Re: RAID1 repair GPF crash w/3.10-rc7
From: Joe Lawrence <hidden>
Date: 2013-07-03 21:49:51
On Mon, 1 Jul 2013, Joe Lawrence wrote:
Hi Kent & Neil, I've hit a crash in MD during RAID1 repair while running 3.10-rc7: [ ... snip ... ]
Hi Neil,
Looking through the MD source, I'm trying to understand part of the
RAID1 repair path.

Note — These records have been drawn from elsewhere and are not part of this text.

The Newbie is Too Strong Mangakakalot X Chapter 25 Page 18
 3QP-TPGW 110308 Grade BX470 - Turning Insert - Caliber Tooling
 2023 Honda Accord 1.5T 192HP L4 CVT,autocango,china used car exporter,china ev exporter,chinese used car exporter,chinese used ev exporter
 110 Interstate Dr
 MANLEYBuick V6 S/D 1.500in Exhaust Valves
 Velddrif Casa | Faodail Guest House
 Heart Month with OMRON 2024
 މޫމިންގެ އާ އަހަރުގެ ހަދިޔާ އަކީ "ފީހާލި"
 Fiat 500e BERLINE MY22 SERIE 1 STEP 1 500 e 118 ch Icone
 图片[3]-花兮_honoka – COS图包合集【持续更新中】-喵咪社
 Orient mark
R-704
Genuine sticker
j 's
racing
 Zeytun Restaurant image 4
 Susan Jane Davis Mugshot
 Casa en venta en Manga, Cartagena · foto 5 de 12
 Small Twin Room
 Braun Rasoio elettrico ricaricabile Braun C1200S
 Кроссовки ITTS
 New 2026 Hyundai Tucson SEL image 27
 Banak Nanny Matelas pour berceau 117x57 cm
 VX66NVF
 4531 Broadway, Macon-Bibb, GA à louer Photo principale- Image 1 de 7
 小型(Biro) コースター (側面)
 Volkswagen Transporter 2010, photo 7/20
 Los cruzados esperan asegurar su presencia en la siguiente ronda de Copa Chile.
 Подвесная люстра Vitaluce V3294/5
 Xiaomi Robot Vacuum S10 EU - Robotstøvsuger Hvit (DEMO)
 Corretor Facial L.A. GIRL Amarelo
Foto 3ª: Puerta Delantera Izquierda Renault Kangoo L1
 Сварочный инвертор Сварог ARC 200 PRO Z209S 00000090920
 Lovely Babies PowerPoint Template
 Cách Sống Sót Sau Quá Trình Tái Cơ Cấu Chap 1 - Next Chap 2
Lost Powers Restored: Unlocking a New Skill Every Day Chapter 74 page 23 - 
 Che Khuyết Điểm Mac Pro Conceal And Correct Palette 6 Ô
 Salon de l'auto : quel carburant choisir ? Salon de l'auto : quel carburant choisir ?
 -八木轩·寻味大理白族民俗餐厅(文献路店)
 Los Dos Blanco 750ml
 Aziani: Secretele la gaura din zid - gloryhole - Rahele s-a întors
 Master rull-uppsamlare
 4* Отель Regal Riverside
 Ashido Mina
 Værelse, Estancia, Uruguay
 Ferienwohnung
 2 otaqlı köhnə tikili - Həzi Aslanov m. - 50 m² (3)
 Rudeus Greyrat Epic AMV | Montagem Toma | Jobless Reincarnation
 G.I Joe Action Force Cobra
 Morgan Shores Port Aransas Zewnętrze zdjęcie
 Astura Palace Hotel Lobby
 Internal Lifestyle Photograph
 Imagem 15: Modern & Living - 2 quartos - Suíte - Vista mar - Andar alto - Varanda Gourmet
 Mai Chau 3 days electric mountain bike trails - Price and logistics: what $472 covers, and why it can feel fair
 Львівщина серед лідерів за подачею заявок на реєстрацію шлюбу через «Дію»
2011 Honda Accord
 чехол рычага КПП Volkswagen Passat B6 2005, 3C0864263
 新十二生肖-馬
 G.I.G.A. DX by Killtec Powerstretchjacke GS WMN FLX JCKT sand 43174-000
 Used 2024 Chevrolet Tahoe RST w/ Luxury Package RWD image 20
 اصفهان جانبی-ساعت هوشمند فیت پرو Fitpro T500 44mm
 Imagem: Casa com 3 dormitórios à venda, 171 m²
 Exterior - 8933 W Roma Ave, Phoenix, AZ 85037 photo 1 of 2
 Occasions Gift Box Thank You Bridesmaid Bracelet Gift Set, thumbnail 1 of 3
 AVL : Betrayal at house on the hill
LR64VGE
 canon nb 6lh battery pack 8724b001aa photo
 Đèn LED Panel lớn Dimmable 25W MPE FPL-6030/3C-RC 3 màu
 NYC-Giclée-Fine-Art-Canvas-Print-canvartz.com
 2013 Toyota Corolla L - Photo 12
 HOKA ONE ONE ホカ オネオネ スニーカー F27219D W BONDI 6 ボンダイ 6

I came up with a few questions:
1 - During user initiated RAID1 repair, is the loop at the bottom of
sync_request(), under the bio_full label, responsible for submitting all
of the initial read bios?
2 - Does process_checks() later find the first uptodate read bio and
copy its data into the other r1_bio->bios[] for write repair to the
other disks?
If both are true, then perhaps the following applies to this crash...
Comments in commit f79ea416 "block: Refactor blk_update_request()" msg
include:
Note that req_bio_endio() now always calls bio_advance() - which
means it always loops over the biovec, not just on partial
completions. Don't expect it to affect performance, but worth
noting.
Now that process_checks() has been further modified for immutable bio
prep (commit d3b45c2 "raid1: use bio_copy_data()"), it calls
bio_copy_data() to fill in the write repair bios... which starts
indexing the bi_bio_vec[] from wherever bi_idx happens to be.
If this is indeed the case, I'm having trouble coming up with a good
solution:
- Immutable bios means drivers don't touch bi_idx. So MD shouldn't
"re-wind" the source bi_idx before calling bio_copy_data().
- bio_copy_data() could copy the entire source bi_bio_vec[], as MD had
done in the past, but that is that safe? (ie, can we map bio
vectors once they have been iterated over?)
Thanks,
-- Joe